No sabía si merecía la pena responder. Cuanto más discutía con el comandante, más parecía llevarme a su terreno. ¿Intentaba hacerme creer que había habido una confusión y me habían detenido en lugar de Zinaida? Pero ¿con qué fin? El interrogatorio probablemente no tenía lógica. No era más que puro sadismo.
Había pasado dieciocho meses en un campo de concentración y dos años combatiendo en una guerra brutal. Estaba física y mentalmente agotada. Me levanté la manga del vestido y le enseñé el tatuaje de Auschwitz.
—¿Qué quiere de mí? —pregunté—. Si está convencido de que trabajé para la Gestapo, ¿por qué no me pegó un tiro en la cabeza en Odesa? ¡Si lo que quiere es información sobre los alemanes, no tengo nada que darle!
El comandante volvió a sentarse y se puso las gafas. Abrió una carpeta que tenía sobre la mesa y hojeó sus papeles como si se hubiera olvidado de mí. Luego me miró por encima de la montura de las gafas.
—¿Cree que va a ser tan sencillo? —dijo con frialdad—. Sí, la ejecutarán, al final, pero tendrá que trabajar por su muerte. Pagará usted a la madre patria los crímenes que ha cometido contra ella. Donde fracasó Auschwitz, Kolimá triunfará.
¿Kolimá? Eso era una prisión en el Ártico. ¡Nadie regresaba de allí!
—En Kolima adelgazará y se le pondrá la piel negra —dijo el comandante, recalcando cada una de sus palabras—. Se le caerán los dientes y se le congelarán los órganos. Pero no antes de que haya derramado hasta la última gota de sangre trabajando para purgar sus crímenes. La mantendremos viva el tiempo suficiente.
—¡No soy un criminal!
El comandante siguió examinando su carpeta. Sacó un trozo de papel y lo dejó delante de mí.
—Firme esto —dijo—. Es su confesión.
Mi situación era desesperada, y lo sabía, pero no podía admitir aquellas ridículas acusaciones.
—¡No pienso firmar! —repliqué—. Ya se lo he dicho: soy Natalia Stepanovna Azarova. Soy una piloto condecorada. ¡He luchado por mi país! ¿Y usted?
Pensaba que aquella pulla enfurecería al comandante, pero no fue así.
—Yo de usted dejaría de fingir que es Natalia Azarova —dijo—. ¿Acaso no sabe que Natalia Azarova se adentró deliberadamente en territorio enemigo para poder unirse a los alemanes?
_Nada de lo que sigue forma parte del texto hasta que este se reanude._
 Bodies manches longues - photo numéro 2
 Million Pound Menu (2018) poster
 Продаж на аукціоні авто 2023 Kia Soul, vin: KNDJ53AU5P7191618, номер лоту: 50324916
Era hija de un enemigo del pueblo, pero mintió para conseguir trabajo en una fábrica de aviones y entrar a formar parte del Komsomol. Incluso engañó a la gran Marina Raskova y a las Fuerzas Aéreas soviéticas. Ya le han retirado sus medallas.
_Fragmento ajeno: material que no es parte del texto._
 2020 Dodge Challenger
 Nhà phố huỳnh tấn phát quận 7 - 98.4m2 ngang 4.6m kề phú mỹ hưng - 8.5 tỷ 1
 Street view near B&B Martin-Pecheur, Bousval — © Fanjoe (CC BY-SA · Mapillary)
Estaba demasiado anonadada para añadir nada más. Con que eso le dirían al pueblo soviético: ¡que era una espía y una traidora! ¿Cómo iba a imponerse la justicia mientras Stalin fuera líder?
El comandante sacó unos documentos de la carpeta y se cercioró de que los leyera. Eran las cartas que había escrito a mamá y a Valentín en Katowice, unas cartas que ahora sabía que no recibirían nunca.
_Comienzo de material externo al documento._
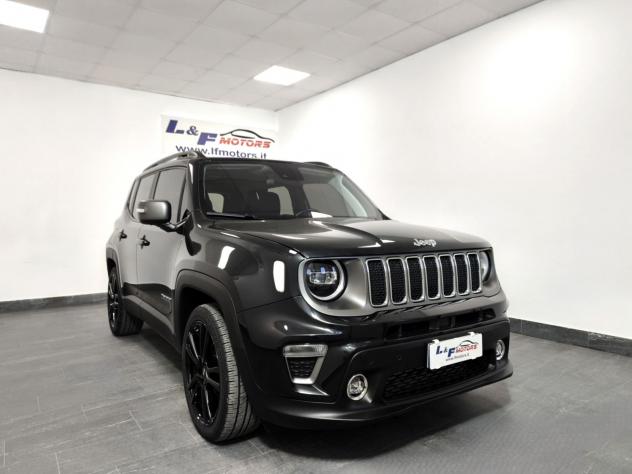 Jeep Renegade 1.6 MJet 120cv Limited - Foto 4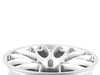 APEX Wheels 19" APEX EC-7 Staggered Wheel Set - Race Silver ec719105et22rsKT View 2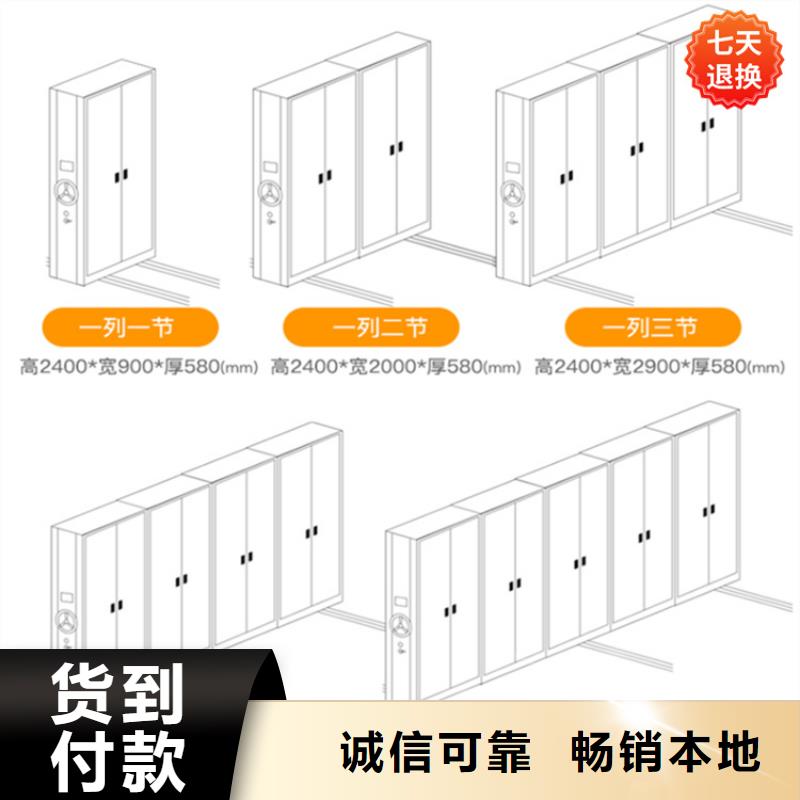 手动密集柜,操作台品种全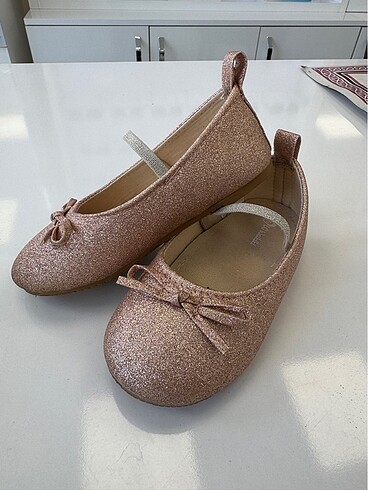 25 Beden LcWaikiki Pembe Simli Babet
—Además —dijo el comandante, que arrojó las cartas a la hoguera—, si fuera usted Natalia Azarova, firmaría la confesión. —Sonrió—. Natalia Azarova recordaría que tiene una madre que vive en el Arbat. Ah, sí, y su amante es un piloto de cazas de combate. Creo que se llama Valentín Victorovich.
Entonces comprendí que todo estaba perdido. El NKVD sabía perfectamente quién era. Mi querida patria estaba en manos de unos lunáticos.
—Sí, Natalia Azarova firmaría su confesión —prosiguió el comandante—, si no quiere que les ocurra algo… espantoso a sus seres queridos. —Me acercó más el papel y me tendió un bolígrafo—. Recuerde firmar con su nombre real: Zinaida Glebovna.
Pasé la mano por encima del documento. Si no firmaba, el NKVD me mataría de todos modos, y Valentín y mamá estarían condenados. Firmar era la única posibilidad que tenía de protegerlos. Me temblaba la mano mientras formaba las letras de mi falsa rúbrica. Cuando terminé, se me resbaló el bolígrafo y cayó al suelo.
El comandante abrió las cortinas y vi la plaza extendiéndose a nuestros pies. La nieve se había fundido y el cielo era de un azul magnífico.
—¡Contemple Moscú por última vez! —dijo, abriendo los brazos—. Despídase. No volverá a verla. Veinte años de trabajos forzados sin derecho a mantener correspondencia.
¿Era esa mi condena? Al firmar la confesión, Natalia Azarova había dejado de existir. Era como si estuviera muerta.